UC Berkeley

The present work analyzes seismic attenuation due to wave-induced flow in complex poroelastic materials containing an arbitrary amount of

heterogeneity and fully or partially saturated with a mixture of fluids.

In the first part, two distinct finite-difference (FDTD) numerical schemes for solving Biot's poroelastic set of equations are introduced. The first

algorithm is designed to be used in the seismic band of frequencies; i.e., when the permeability of the medium doesn't depend on frequency. The

second algorithm accounts for viscous boundary layers that appear in the pores at high frequencies (in this case, the permeability depends on

frequency) and can be used across the entire band of frequencies.

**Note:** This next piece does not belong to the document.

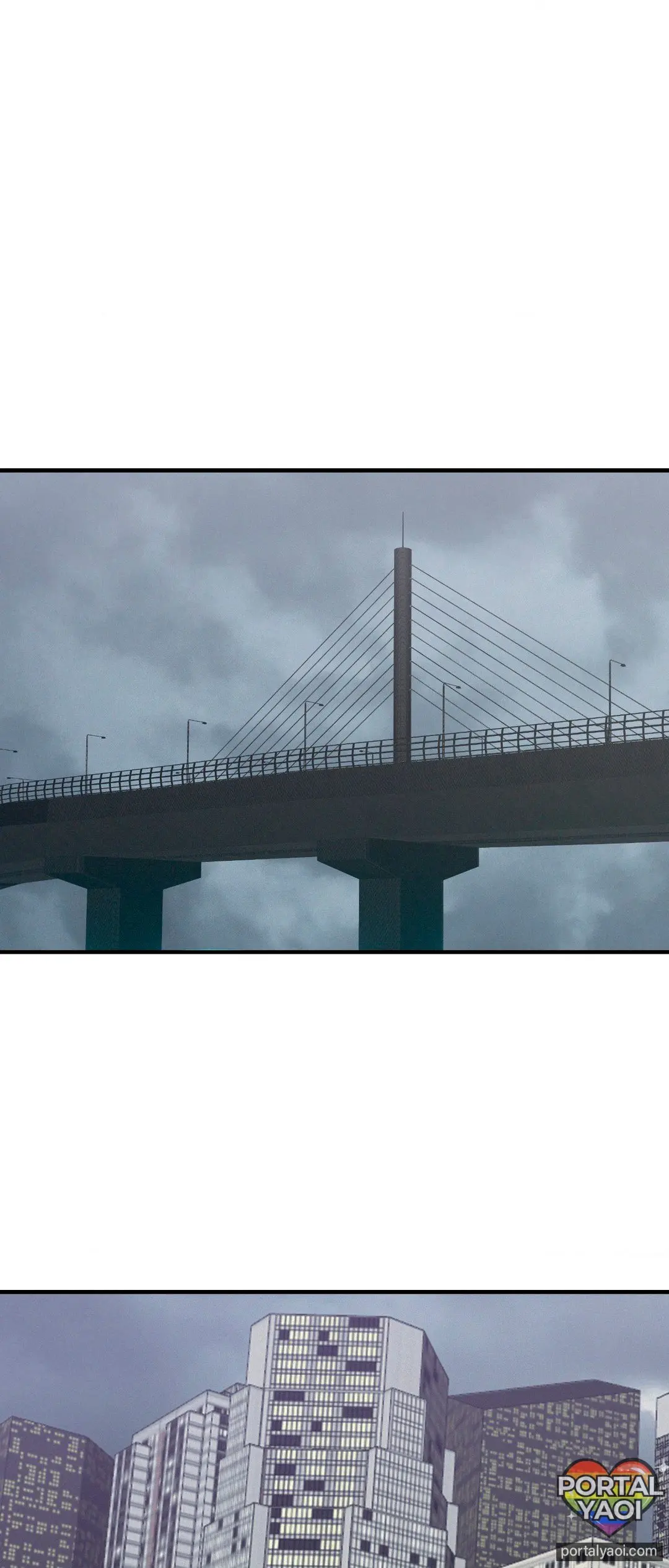 Risky Vice – Capítulo 19 Yaoi – Página 22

An innovative numerical method is presented in the second part allowing computation of seismic attenuation due to wave-induced flow for any

poroelastic material. This method is applied to study the attenuation associated with different classes of materials saturated with a single

fluid (water). For a material having a self-affine (fractal) distribution of elastic properties, it is demonstrated that frequency

dependence in the attenuation is controlled by a single parameter that is directly related to the fractal dimension of the material. For

anisotropic materials, a relation is established between the attenuation levels associated with waves propagating in different directions and

the geometrical aspect ratio of the heterogeneities present within the material.

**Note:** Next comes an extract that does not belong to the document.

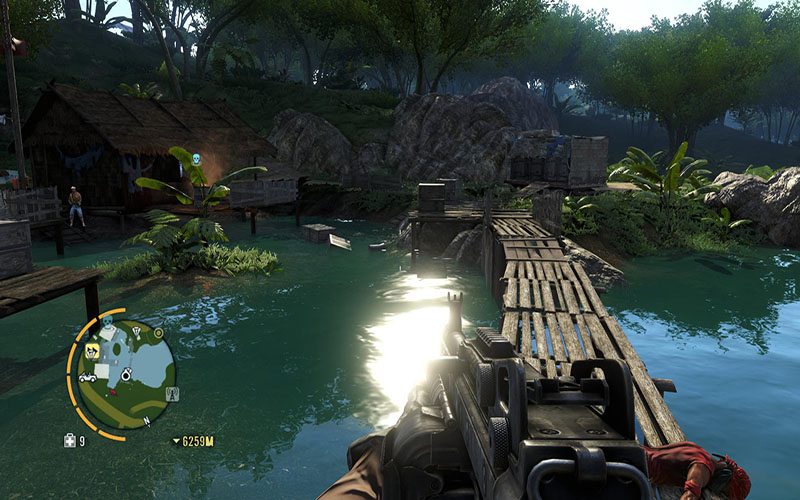 Far Cry 3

The third part concerns the study of attenuation associated with materials having a homogeneous solid skeleton

saturated with a mixture of immiscible fluids. The special case where the distribution of fluids is the result of an invasion-percolation process is

treated in detail.

Finally, the last part presents a novel experimental setup designed to measure fluctuations of the elastic properties in

real rock samples. This device performs automated micro-indentation tests at the surface of rock samples and produces maps of the spatial

distribution of Young's modulus. These maps are then used in combination with the aforementioned numerical methods to compute accurately the

attenuation as a function of frequency associated with real rock samples.